一般世間とは隔離された空間である防衛大学校で身につけたことなんて、その中でしか通用しない特別な技術だから、外に出ればとても役に立つものではないと思うでしょう。確かに、防大でしか通用しないこともたくさんありますが、自衛隊とは全く関係ない生活をしている今でも役に立っていることはあるのです。

靴磨き

防大に入って身につけたことの中で、日常生活で最も役立っているのではないかと思えるくらい、靴磨きの技術は使い倒しています。一番良かったのは、靴を磨くことが面倒なことだとは感じなくなり、苦もなく磨けちゃうことです。

防大に入校した当初は、ほぼ毎日のように自分の革靴を磨いていました。別に、靴磨きが好きだから趣味でやっていたのではありません。服装の点検(容儀点検)に合格できないので、仕方なくやらざるを得なかったのです。

制服の点検は月曜日の朝に行われていたのですが、校章の光り具合や、制服のシワ残りと並んで、靴磨きでの不備(できていないと判断されること)で不合格になることは、防大1年生のあるあるです。

さすがに現在では、防大の頃のように自分の顔が靴に映るのではないか、という程までピカピカにはしませんが、短時間でそれなりに靴を磨く技術は残っています。特にサラリーマン時代には重宝しました。

アイロンがけ

アイロンがけも、防大に入校した当初は毎日のようにやっていました。何にアイロンをかけていたのかというと、訓練にも使うオリーブ色の作業服と呼ばれる服にアイロンがけしていました。

作業服も、日曜夜の点呼で服装の点検がありました。作業服の素材は厚手の綿で、当然ながら点検には洗濯したものを着用して臨みます。1年生の作業服はまだ新しく、綿の布地がこなれていないので固くてシワが取りにくいのです。上級生ともなると、長く使って柔らかくなっているので、簡単にアイロンをかけるだけでシワが消えてしまいます。
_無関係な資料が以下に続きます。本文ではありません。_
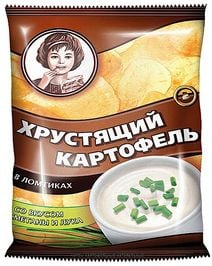 ЧИПСЫ Хрустящий картофель со вкусом сметаны и лука 70 г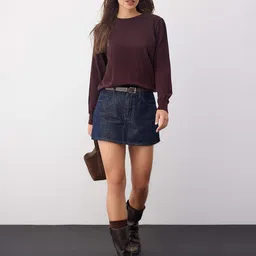 Trendyol Women Round Neck Long Sleeves Pullover image 3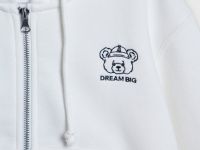 Укороченная толстовка для девочек, Белый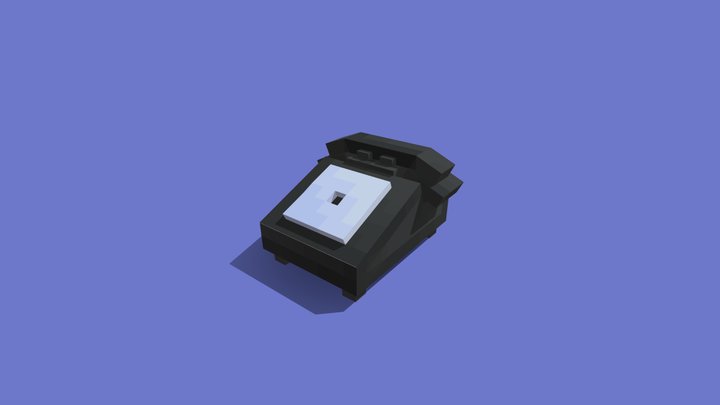 Rotary Dial Telephone - Minecraft Model 3D Model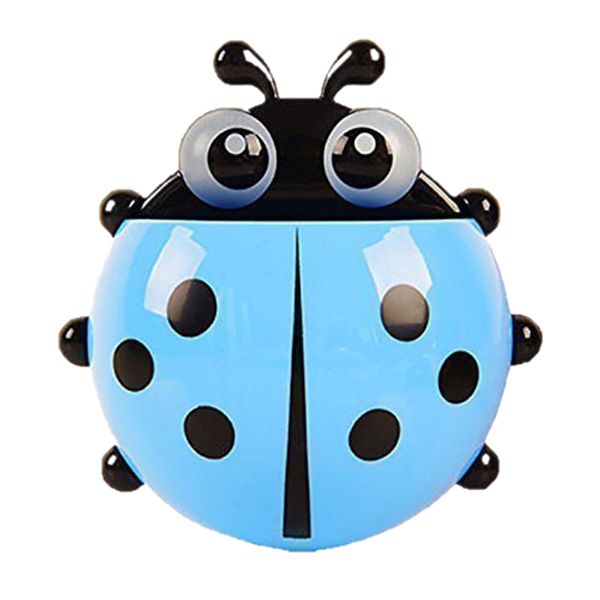 convenient bathroom toothbrush stuff ladybug wall suction holder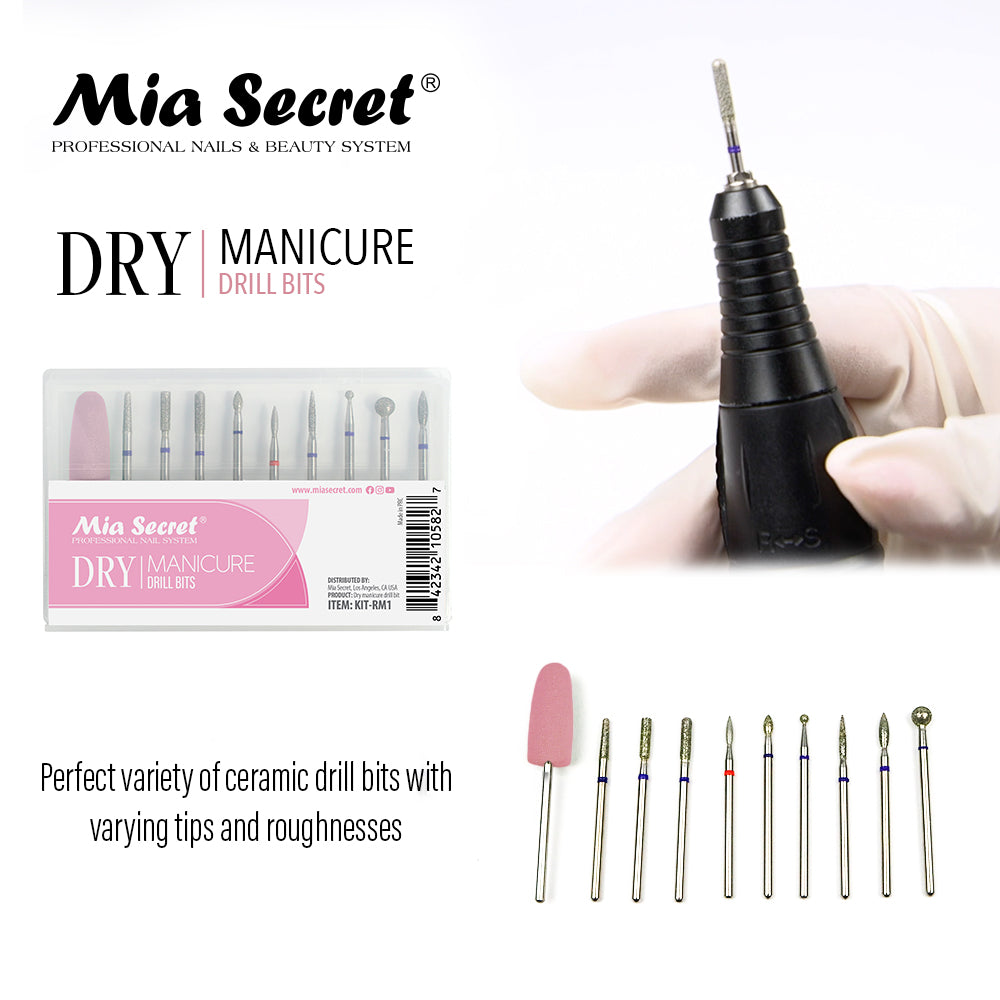 Russian Dry Manicure Drill Bits Kit
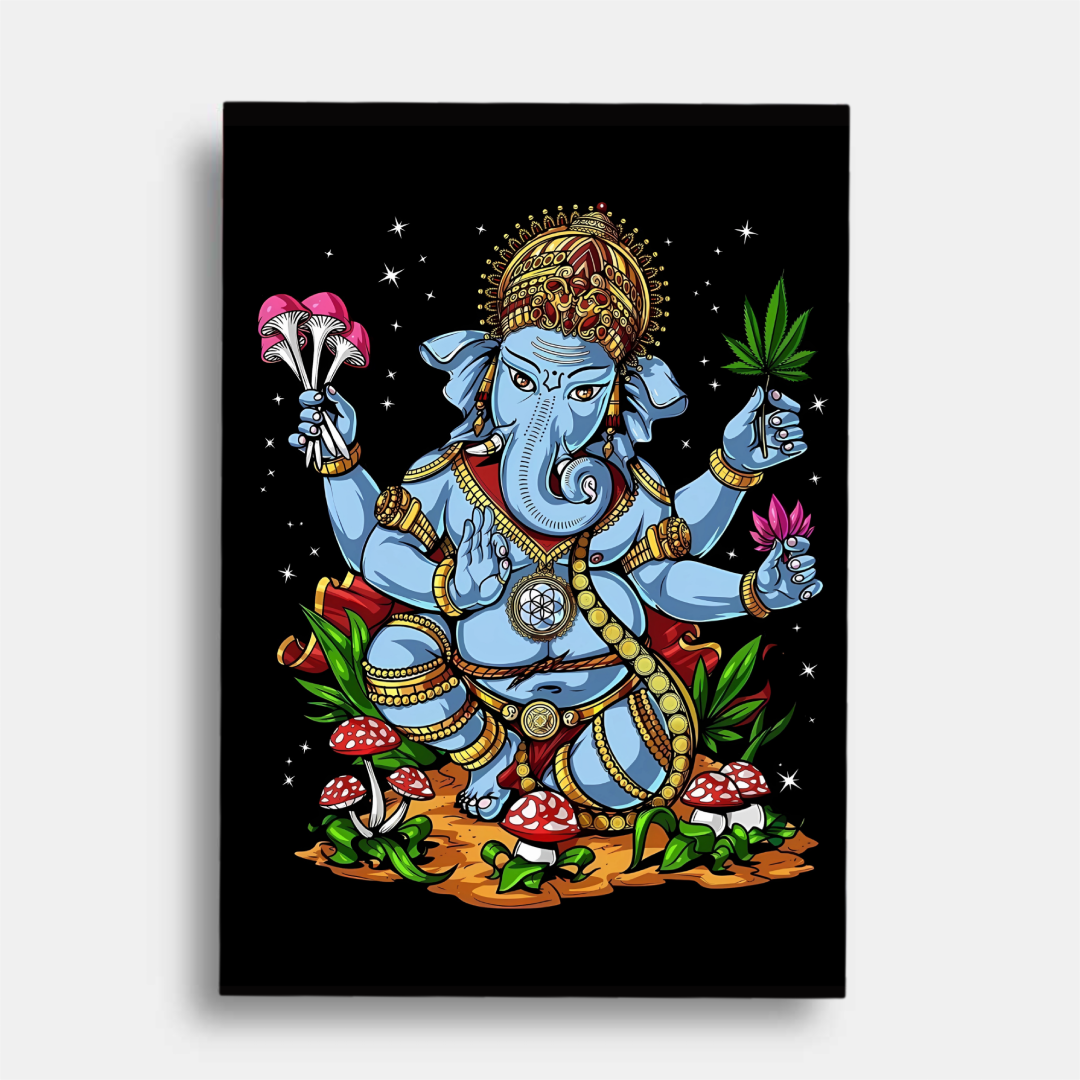 Ganesha blue     - poster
洗濯してシワだらけの固い作業着に、スプレー式の洗濯のりを鬼のように振りかけて、シワを完全に無くしてしまうまでアイロンをかけます。綿の作業着が垂直に立つくらいまで、カチカチに固くアイロンをかけて、シワにならないように着用します。

点呼前に着用している様子は、まるで出来損ないのロボットのようです。

そんなにまでしてアイロンがけした作業着ですが、点呼には歩いていくのでシワが寄ってしまいます。そして、結果的に「プレス不備!」と言われ、翌日もまた作業服のアイロンがけをすることになるのです。
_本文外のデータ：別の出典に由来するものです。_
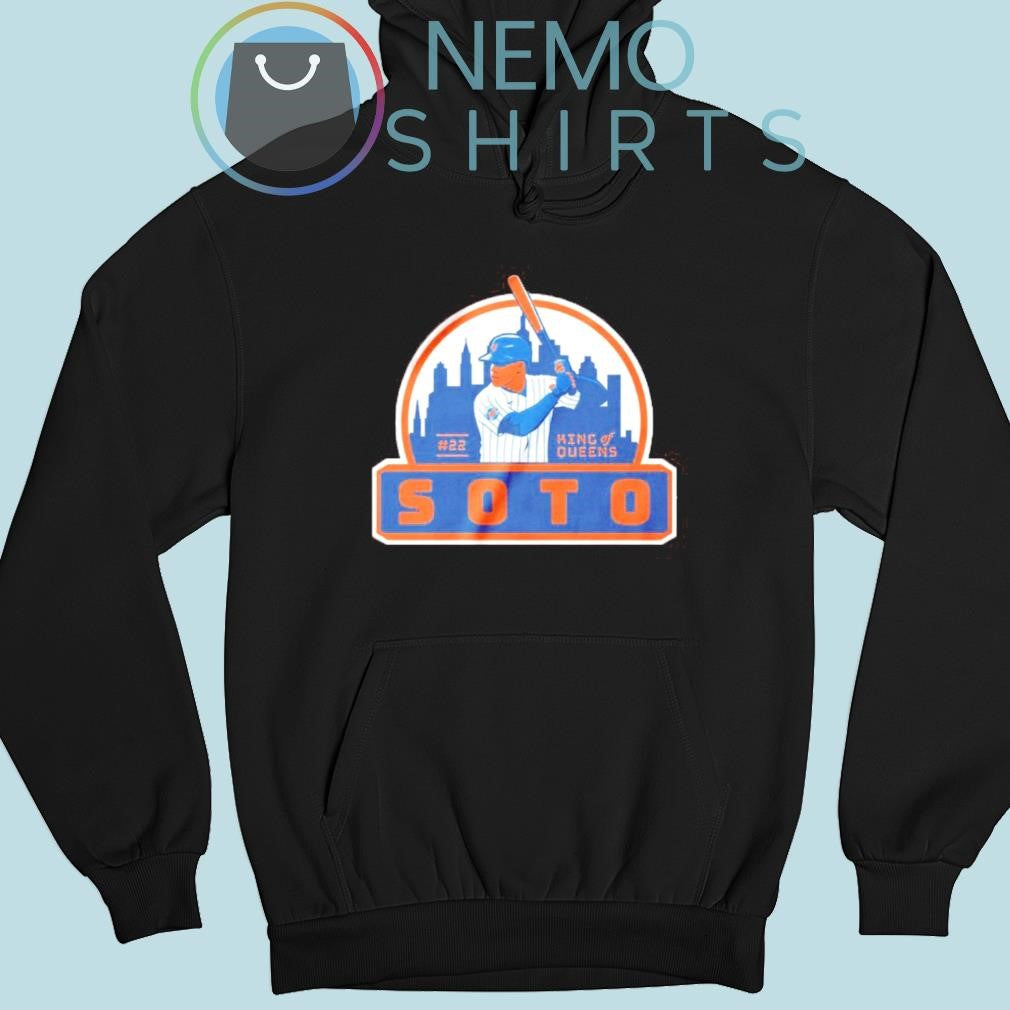 New York Mets Juan Soto 22 King of Queens - Adult & Kids T-Shirts, Sweatshirts & Hoodies apparel design preview 2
さて、このアイロンがけが何の役に立ったかというと、サラリーマン時代のYシャツでした。形態安定のノンアイロンシャツならシワが気になることも少ないのですが、形態安定ではないYシャツの場合はアイロンが必要になります。

クリーニングに出せば解決するやんけ、というのは黙っておいて。

洗濯のりが効きすぎて、パリパリのYシャツが好きな人もいますね。私はシワは取れているけど着心地が柔らかい方が好みで、自分の好みに合わせた仕上がりにできるので、アイロンがけを身につけておいてよかったです。

簡単な裁縫(針仕事)

最後は、簡単な裁縫です。本当に簡単な針仕事ですが、イザという時に重宝しています。

防大では、制服や作業服のズボンのスソ上げを自分で縫って仕上げます。最初は、2年生の先輩にやり方を教えてもらうのですが、1度聞いたら後は自己処理です。見よう見まねで、何となくできるようになっていました。

簡単な針仕事っていうと、ボタン付けですね。このボタン付けは、防大を退校後の学生時代でも、独身でサラリーマン時代も、結婚した今でも自分でやっています。今なら、カミさんに頼めばやってくれるのですが、頼むよりも気が付いた時に自分でやった方が手っとり早いので、ついつい自分でやっています。
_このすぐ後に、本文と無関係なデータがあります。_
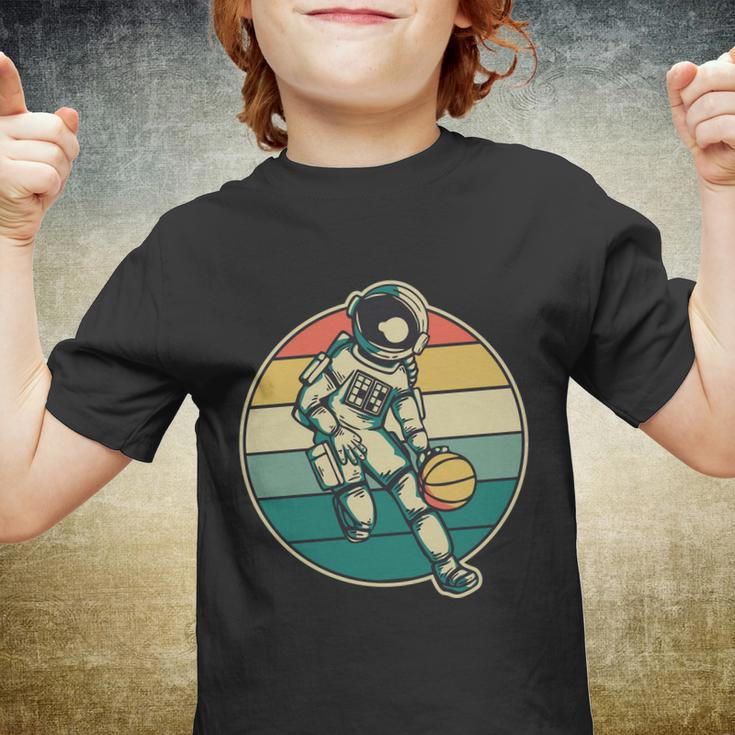 Astronaut Playing Basketball Youth T-shirt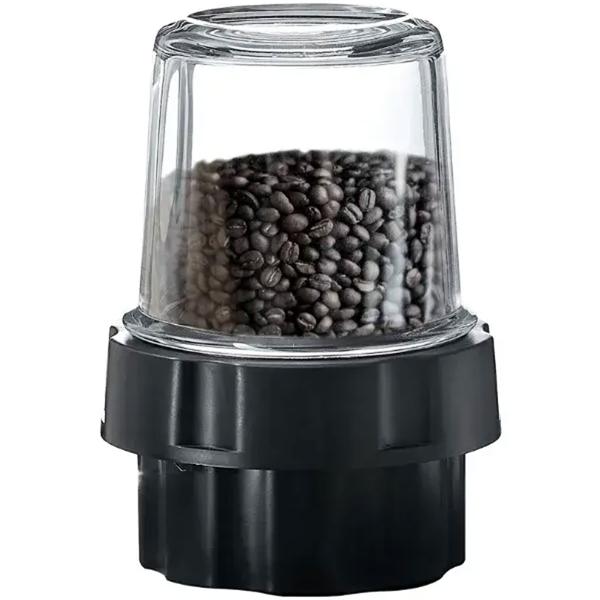 Glass stand blender with grinder, 800 W, 1.5 L jug & 0.4 L grinder cup, 5 speeds, pulse function, ice crusher, stainless steel housing, black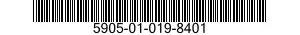 5905-01-019-8401 RESISTOR,FIXED,WIRE WOUND,INDUCT 5905010198401 010198401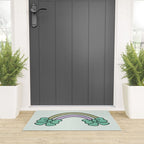 Bow Rainbow in Blue Welcome Mat Gallery Image 3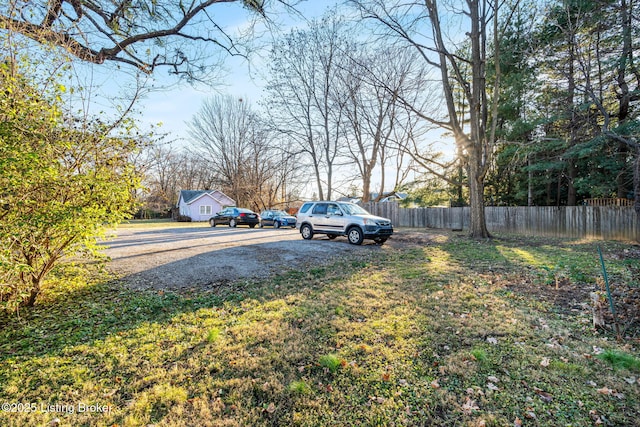 view of yard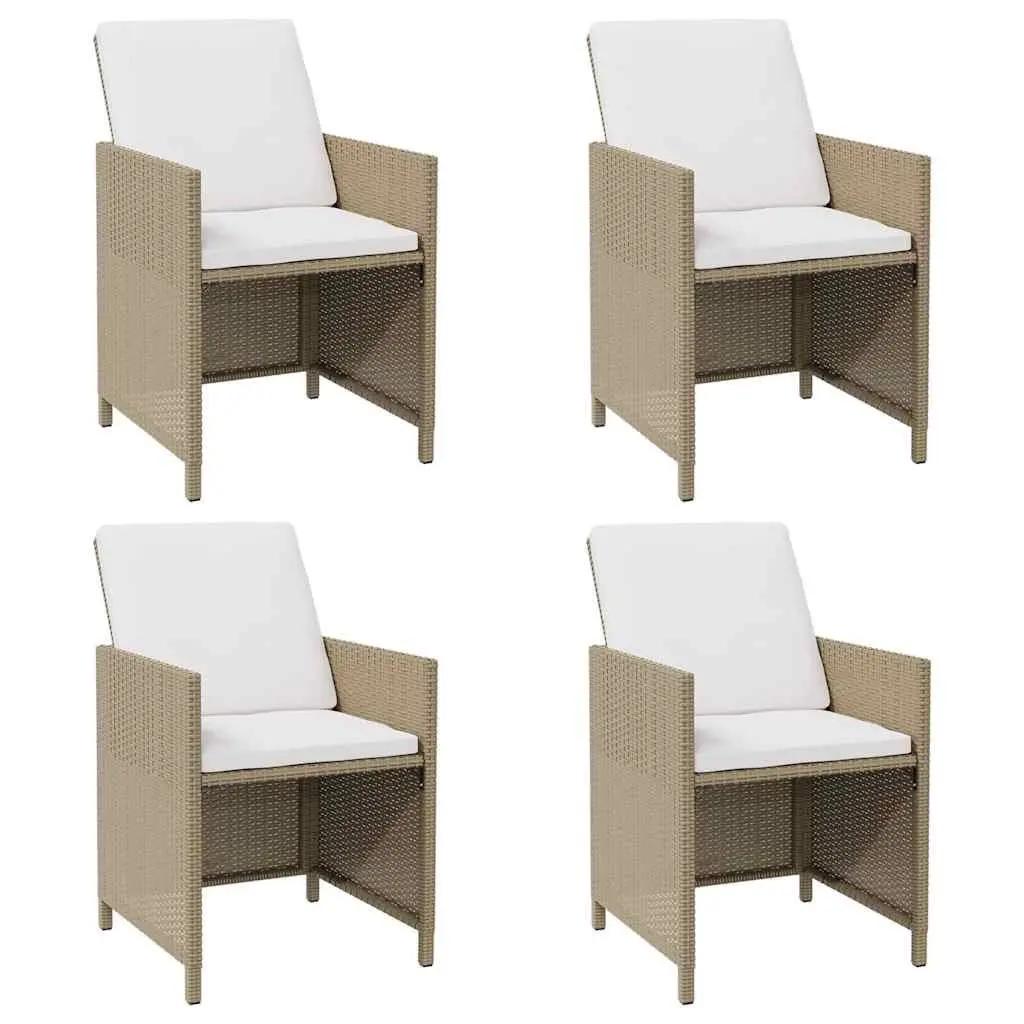 4-Piece Outdoor Chair Set with Cushions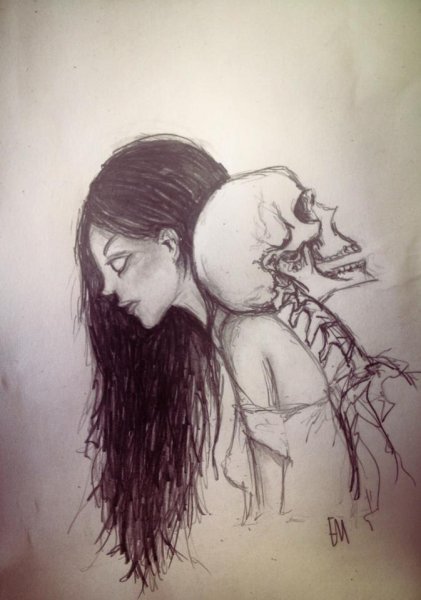 Необычные страшные рисунки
こうして列挙してみると、何だかせせこましい技術しか自分の中に残っていないようで、恥ずかしくなってしまいますね。もっとこう、男らしくドーンって感じのことの方がよかった気がしますが、実際に役に立っているのでよしとしましょう。

ここに挙げた3つのどれも自分でやっていないならば、おすすめは靴磨きです。くすんだ革靴を自分の手で磨いて光らせると、不思議と気分もリフレッシュしてきます。靴磨きしても気分がスッキリしないなら、相当に疲れているので休息が必要だというバロメータにもなりますしね。是非とも、靴磨きはやってみてください。